Jan 20, 2014

Curiouser and Curiouser in Voting Rights

Milwaukee - Nation's most segregated
metropolitan area. Sensenbrenner lives
in the northwest white section. The black
neighborhoods are represented in black.
An Alice in Wonderland quality pervades the Voting Rights Amendment (VRA) Act (HR3899), introduced by Rep. James Sensenbrenner (R-Wisconsin) and Rep. John Conyers (D-Michigan).

Supporters say they are going to fix the VRA, but the politics are becoming curiouser and curiouser.

On the one side we have the main sponsor, that champion of national security, Rep. James Sensenbrenner (R-Menomonee Falls, Wisconsin), author of the PATRIOT Act of 2001 for which he spearheaded the reauthorization in 2005, and who continued to launch plaudits for his work in a speech to the University of Wisconsin Chapter of the Federalist Society in October 2009; until suddenly in November 2013 Sensenbrenner was outraged to discover the PATRIOT Act is an "abuse" of democracy.

More allies are joining the fight. Of the eight cosponsors in the House on the VRA 'fix', Reps. Sean Duffy (R-Wisconsin) and Spencer Bachus (R-Alabama) are on board; maybe they'll help push this Act through the House Judiciary Committee chaired by Rep. Bob Goodlatte (R-Virginia), who said last week that women should not get abortions because abortions decrease job production.

Back to Sensenbrenner's championing of voting, he says he loves the Voting Rights Act so much he is willing to let stand all of the states' voter obstruction laws that his party has enacted as long as they are "reasonable."

What's really curious is that Sensenbrenner has called Texas and Wisconsin's restrictive photo voter ID laws, "common sense."

And regarding the U.S. filing a lawsuit under the VRA against Texas, Sensenbrenner said last August, "I regret that the Department of Justice announced its intent to file a lawsuit against Texas’ voter ID law citing Section 2 to the Voting Rights Act.  The Texas legislature passed voter ID, and Governor Perry signed this legislation into law in 2011. Voter ID laws are an essential element in protecting the integrity of our electoral process and do not have a discriminatory intent or effect. "

This is the guy about whom the League of Women Voters of Wisconsin said, "We were pleased that Wisconsin’s Representative Jim Sensenbrenner (R-Wisconsin), along with Rep. John Conyers (D-Michigan), introduced bipartisan legislation to protect the rights of all voters from discrimination and repair the damage to the Voting Rights Act of 1965 inflicted by the U.S. Supreme Court’s decision in Shelby v. Holder.
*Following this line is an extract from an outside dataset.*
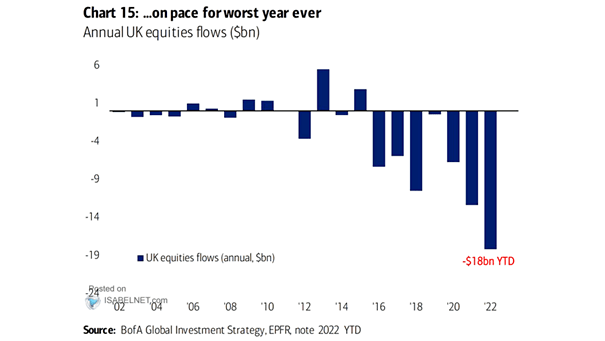 Annual U.K. Equities Flows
The bill seeks to protect all voters against discrimination at the ballot box and ensure that Americans are guaranteed their right to vote."

For those who have not followed the political career of James Sensenbrenner since he moved back to Wisconsin in the 1960s, Sensenbrenner was not a civil rights worker, never stood out on a limb for civil rights, and refuses to criticize his own state's restrictive photo voter ID law on the grounds that such laws are common sense measures that need federal protection by the Voting Rights Amendment (VRA) Act (HR3899).

Briefly, HR3899 really sucks.The end game is gridlock; and minorities and young people will stay away from the polls out of disgust. Nice job, guys.